ドラフト戦線異状あり。田中正義の右肩不安でスカウトたちが大混乱 (4ページ目)

  • 安倍昌彦●文 text by Abe Masahiko
  • photo by Jiji Photo

 そういうピッチングができる今永や原樹理(東洋大→ヤクルト)が奮闘している事実は、柳にとって追い風になるはずだ。ただし、前出のスカウトは言う。

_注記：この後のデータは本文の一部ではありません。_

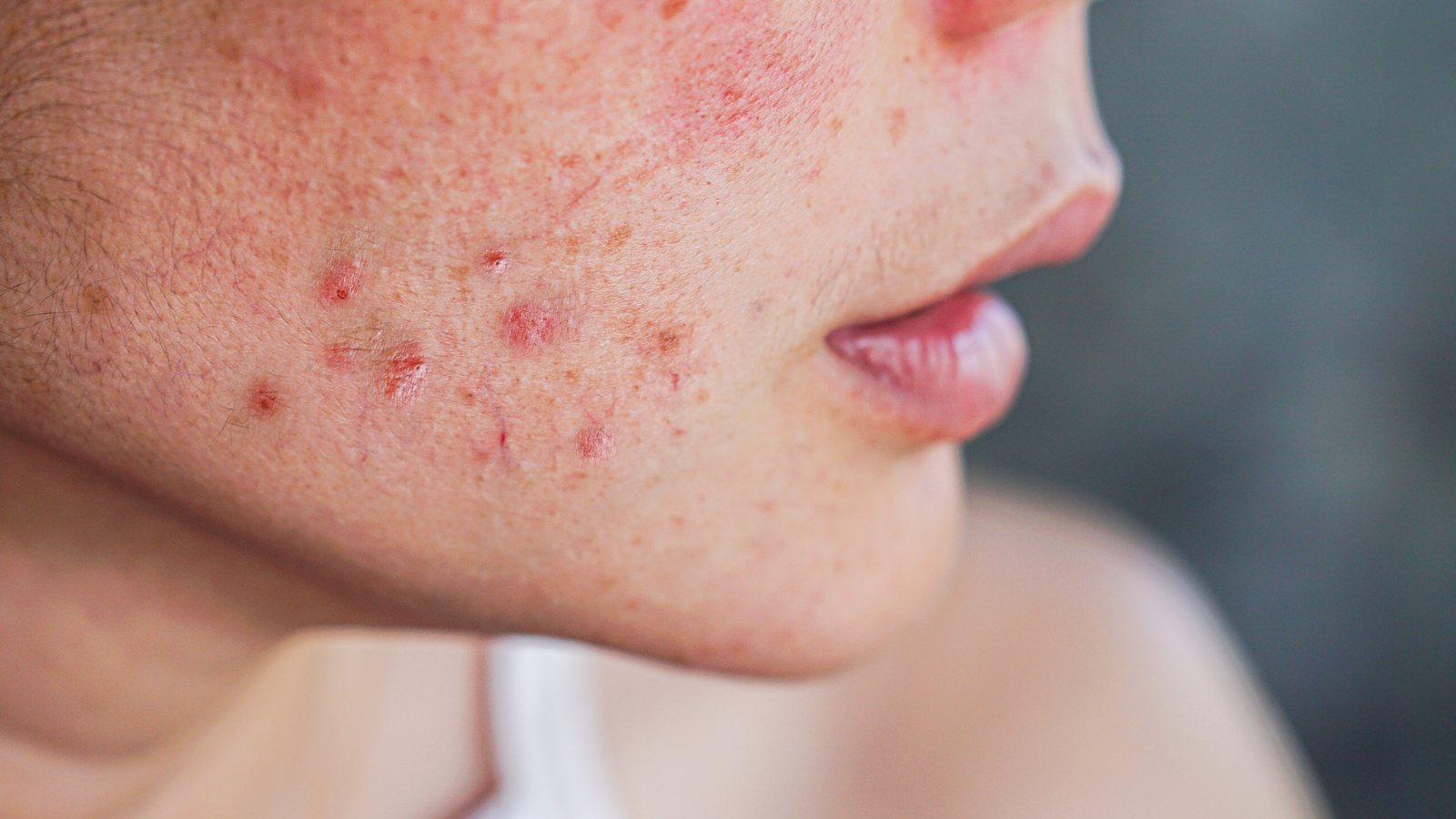 2 tips for Malaysians to be free from acne break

「即戦力といっても、大学時代の力がそのまま通用するほどプロは甘くないですよ。大学生や社会人にも“伸びしろ”がないと苦しい。実際、今年の新人で苦労している選手が何人もいるでしょ」

 巨人の桜井俊貴、ロッテの関谷亮太、日本ハムの上原健太の名前が挙がった。

「それなら、立正大の投手・黒木優太とか、日大の遊撃手・京田陽太とか。社会人ならパナソニックの投手・北出浩喜あたりが面白い。身体能力と動くスピード。日本ハムで加藤貴之が頑張っているでしょ。そうなると、同じタイプの大阪ガスの投手・土井星也の評価が急に上がったりしますからね」

 ドラフト戦線も、ペナントレースの様相が大きく影響するという。

 この春の県大会を見て、横浜高の藤平尚真のスケールアップに目を見張った。立ち上がりから140キロ後半をガンガン続け、打席に立てば猛烈なスイングスピードで背中を叩かんばかりの豪快なスイング。ひと冬越えた高校生の変身ぶりには驚かされるものがある。

 昨年でいえば、あのオコエ瑠偉がそうだった。

 今年の高校生を見渡すと、履正社の大型左腕・寺島成輝に敦賀気比の本格派右腕・山崎颯一郎、投打でセンスを光らす東邦の藤嶋健人。すでに全国区の知名度がある高校生に加え、この春、東海大市原望洋の島孝明が150キロをマークして注目を集めた。